Activity
Repeat the whole listing, keeping every word and every line intact.

-*-

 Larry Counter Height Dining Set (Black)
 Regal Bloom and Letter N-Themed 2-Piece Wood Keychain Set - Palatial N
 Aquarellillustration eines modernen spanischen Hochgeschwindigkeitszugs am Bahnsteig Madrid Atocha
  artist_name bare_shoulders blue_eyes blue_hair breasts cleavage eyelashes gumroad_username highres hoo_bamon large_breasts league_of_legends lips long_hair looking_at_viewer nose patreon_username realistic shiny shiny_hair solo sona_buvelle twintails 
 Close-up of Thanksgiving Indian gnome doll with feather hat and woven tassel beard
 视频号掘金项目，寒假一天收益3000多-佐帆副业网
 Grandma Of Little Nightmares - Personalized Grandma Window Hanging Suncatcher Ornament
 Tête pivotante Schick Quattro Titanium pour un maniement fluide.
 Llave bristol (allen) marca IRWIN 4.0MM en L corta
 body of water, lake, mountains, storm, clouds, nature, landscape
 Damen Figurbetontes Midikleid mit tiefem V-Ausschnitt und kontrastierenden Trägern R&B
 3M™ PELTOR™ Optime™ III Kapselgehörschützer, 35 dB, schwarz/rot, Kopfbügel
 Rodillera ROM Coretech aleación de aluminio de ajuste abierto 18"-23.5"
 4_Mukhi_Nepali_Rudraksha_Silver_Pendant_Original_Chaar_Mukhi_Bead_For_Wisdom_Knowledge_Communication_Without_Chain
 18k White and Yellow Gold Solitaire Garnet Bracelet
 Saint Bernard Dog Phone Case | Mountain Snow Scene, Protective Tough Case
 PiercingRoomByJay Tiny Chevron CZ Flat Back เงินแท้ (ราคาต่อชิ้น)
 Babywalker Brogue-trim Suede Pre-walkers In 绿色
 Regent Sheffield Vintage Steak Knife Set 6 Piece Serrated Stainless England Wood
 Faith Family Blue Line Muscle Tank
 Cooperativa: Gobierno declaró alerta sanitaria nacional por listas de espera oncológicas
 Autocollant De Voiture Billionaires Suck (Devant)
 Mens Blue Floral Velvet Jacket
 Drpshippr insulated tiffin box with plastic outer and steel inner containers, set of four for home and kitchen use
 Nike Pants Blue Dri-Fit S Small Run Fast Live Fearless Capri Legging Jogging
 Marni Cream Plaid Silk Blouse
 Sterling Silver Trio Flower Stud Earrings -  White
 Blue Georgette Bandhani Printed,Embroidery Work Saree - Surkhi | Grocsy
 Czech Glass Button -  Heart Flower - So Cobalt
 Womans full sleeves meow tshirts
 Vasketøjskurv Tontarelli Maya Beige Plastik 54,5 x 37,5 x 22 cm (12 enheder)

-*-

Exercise output
 Larry Counter Height Dining Set (Black)
 Regal Bloom and Letter N-Themed 2-Piece Wood Keychain Set - Palatial N
 Aquarellillustration eines modernen spanischen Hochgeschwindigkeitszugs am Bahnsteig Madrid Atocha
  artist_name bare_shoulders blue_eyes blue_hair breasts cleavage eyelashes gumroad_username highres hoo_bamon large_breasts league_of_legends lips long_hair looking_at_viewer nose patreon_username realistic shiny shiny_hair solo sona_buvelle twintails 
 Close-up of Thanksgiving Indian gnome doll with feather hat and woven tassel beard
 视频号掘金项目，寒假一天收益3000多-佐帆副业网
 Grandma Of Little Nightmares - Personalized Grandma Window Hanging Suncatcher Ornament
 Tête pivotante Schick Quattro Titanium pour un maniement fluide.
 Llave bristol (allen) marca IRWIN 4.0MM en L corta
 body of water, lake, mountains, storm, clouds, nature, landscape
 Damen Figurbetontes Midikleid mit tiefem V-Ausschnitt und kontrastierenden Trägern R&B
 3M™ PELTOR™ Optime™ III Kapselgehörschützer, 35 dB, schwarz/rot, Kopfbügel
 Rodillera ROM Coretech aleación de aluminio de ajuste abierto 18"-23.5"
 4_Mukhi_Nepali_Rudraksha_Silver_Pendant_Original_Chaar_Mukhi_Bead_For_Wisdom_Knowledge_Communication_Without_Chain
 18k White and Yellow Gold Solitaire Garnet Bracelet
 Saint Bernard Dog Phone Case | Mountain Snow Scene, Protective Tough Case
 PiercingRoomByJay Tiny Chevron CZ Flat Back เงินแท้ (ราคาต่อชิ้น)
 Babywalker Brogue-trim Suede Pre-walkers In 绿色
 Regent Sheffield Vintage Steak Knife Set 6 Piece Serrated Stainless England Wood
 Faith Family Blue Line Muscle Tank
 Cooperativa: Gobierno declaró alerta sanitaria nacional por listas de espera oncológicas
 Autocollant De Voiture Billionaires Suck (Devant)
 Mens Blue Floral Velvet Jacket
 Drpshippr insulated tiffin box with plastic outer and steel inner containers, set of four for home and kitchen use
 Nike Pants Blue Dri-Fit S Small Run Fast Live Fearless Capri Legging Jogging
 Marni Cream Plaid Silk Blouse
 Sterling Silver Trio Flower Stud Earrings -  White
 Blue Georgette Bandhani Printed,Embroidery Work Saree - Surkhi | Grocsy
 Czech Glass Button -  Heart Flower - So Cobalt
 Womans full sleeves meow tshirts
 Vasketøjskurv Tontarelli Maya Beige Plastik 54,5 x 37,5 x 22 cm (12 enheder)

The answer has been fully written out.